In the consumer marketing department at Bell Atlantic in Boston, Ms. Johnson helps to bridge the gap between the technical world of engineering and the company’s consumers. Her background in engineering is an important part of her career. Every day brings something different: training new employees, attending meetings with engineers, solving problems with customers, traveling or telecommuting from home.

“My major motivation…was a desire to learn new things,” said Johnson. Computers are critical in her career, and she has had to keep on top of new technology. “Learning does not end with the completion of formal education.”

At Bell Atlantic, Johnson feels that she learns something new everyday. “That is an empowering feeling.

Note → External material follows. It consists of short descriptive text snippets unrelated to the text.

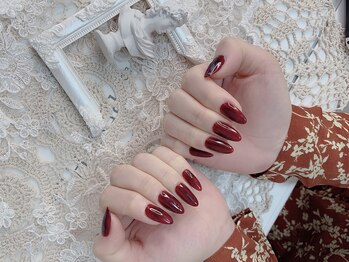 しゅり ネイル/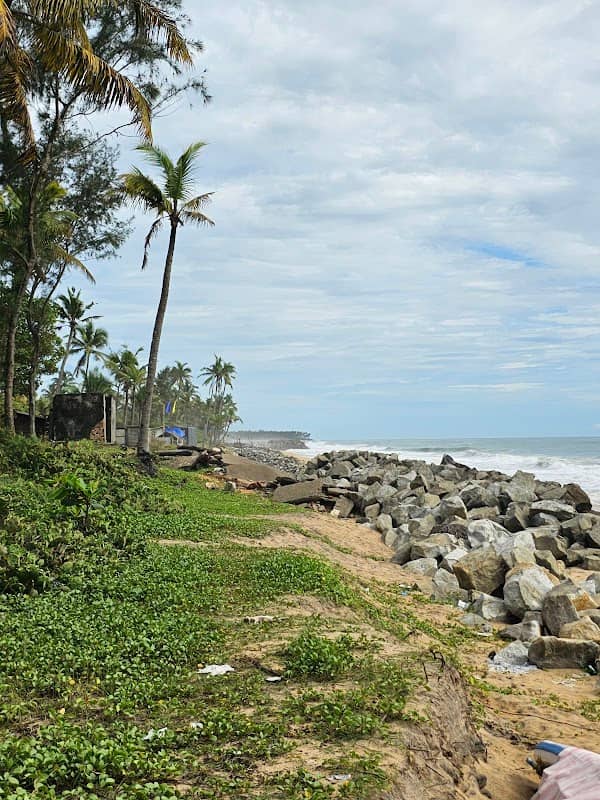 Thanni sea view point - Image 2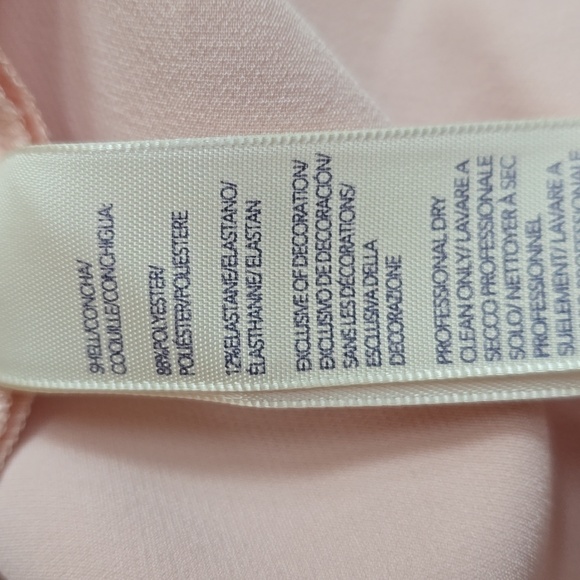 Rebecca Minkoff Lace Up Mini Skirt/skort Size 8 - Picture 10 of 10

I get to work with technology, but I also get to translate that technology into solutions.” She earned a B.S. Civil Engineering in 1982 and M.B.A. from Worcester Polytech in 1989. She is originally from Westbrook, Maine.

Kendra Crocker
Process Engineer

“Seeing all the automation we have, and all that it can do, is fascinating and fun to watch.” Crocker works in National Semiconductor’s state-of-the-art facility in South Portland.

The presentation skills and leadership capabilities Crocker developed while at MAINE are critical in her job as a process engineer. She oversees part of the manufacturing process and is responsible for keeping it running smoothly. She works with operators and technicians on a daily basis as the first line of defense for fixing problems. Organizational skills and an understanding of computers are also important. “Computers are everywhere here, they are used for normal applications like data analysis and email, but they also store all of the data that we generate.”

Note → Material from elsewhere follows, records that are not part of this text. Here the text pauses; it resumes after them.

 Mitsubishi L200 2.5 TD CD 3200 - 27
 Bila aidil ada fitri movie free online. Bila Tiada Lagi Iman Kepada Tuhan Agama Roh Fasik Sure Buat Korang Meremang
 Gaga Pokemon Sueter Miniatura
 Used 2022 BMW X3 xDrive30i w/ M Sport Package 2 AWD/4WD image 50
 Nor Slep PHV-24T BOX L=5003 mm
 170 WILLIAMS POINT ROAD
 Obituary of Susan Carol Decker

Crocker graduated from UMaine with a B.S. in Chemical Engineering in 1998. She grew up in Lee, Maine.

Lisa Downs
Environmental Scientist

“The most important thing I learned at UMaine was problem solving skills,” said Downs, a research assistant at the Water Research Institute at the University of Maine. She uses her environmental engineering background in her work investigating contaminants such as dioxin and mercury in Maine’s fish population. Her responsibilities include preparing the samples, analyzing them with complex equipment, analyzing and interpreting the data she records and report preparation.

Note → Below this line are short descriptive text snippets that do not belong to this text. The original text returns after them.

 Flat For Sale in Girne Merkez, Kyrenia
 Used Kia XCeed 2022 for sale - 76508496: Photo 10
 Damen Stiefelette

At the WRI, there are equal numbers of men and women and all make important contributions to the research projects the Institute is working on. “Women have important contributions to make in all fields, and engineering is one of the few areas that is still male dominated.” Downs received her B.S. and M.S. in civil engineering from the University of Maine in 1993 and 1996, respectively. She grew up in Maine and now lives in Orono.

Cassie Magoon
Construction Manager

Cassie is forging ground as a female in a construction field. Of her career choice, she says “It challenges me, and forces me to look at things in a different way. I truly feel that it makes me do my best.” Since real world experience is very important in construction, she had several co-op jobs. They helped her land a great job as a Field Engineer at J.A. Jones in Charlotte, North Carolina. “I’m really excited about all of the challenges and opportunities that [my career will] bring me in the future.

She earned a B.S. in Construction Management Technology with a minor in business in May 1999. Cassie is originally from Harmony, Maine.

Jessica Reynolds
Manufacturing Engineer

“Go Big or Stay Home” is Jessica’s motto for success and she will certainly be doing that as a manufacturing engineer. Shortly after graduation, she began designing airplane engines for Pratt & Whitney in Hartford, Connecticut. She’s always asking “How does that work?…Why does they work?…If I change this, what will happen?” These questions are a routine part of engineering and essential for success.

“My most important professional experiences so far have come from working on co-operative education jobs.” Jessica strongly believes that having co-op experiences on her resume was the key to getting a great job. Originally from Winslow, Maine, she earned a B.S. in Mechanical Engineering in May 1999.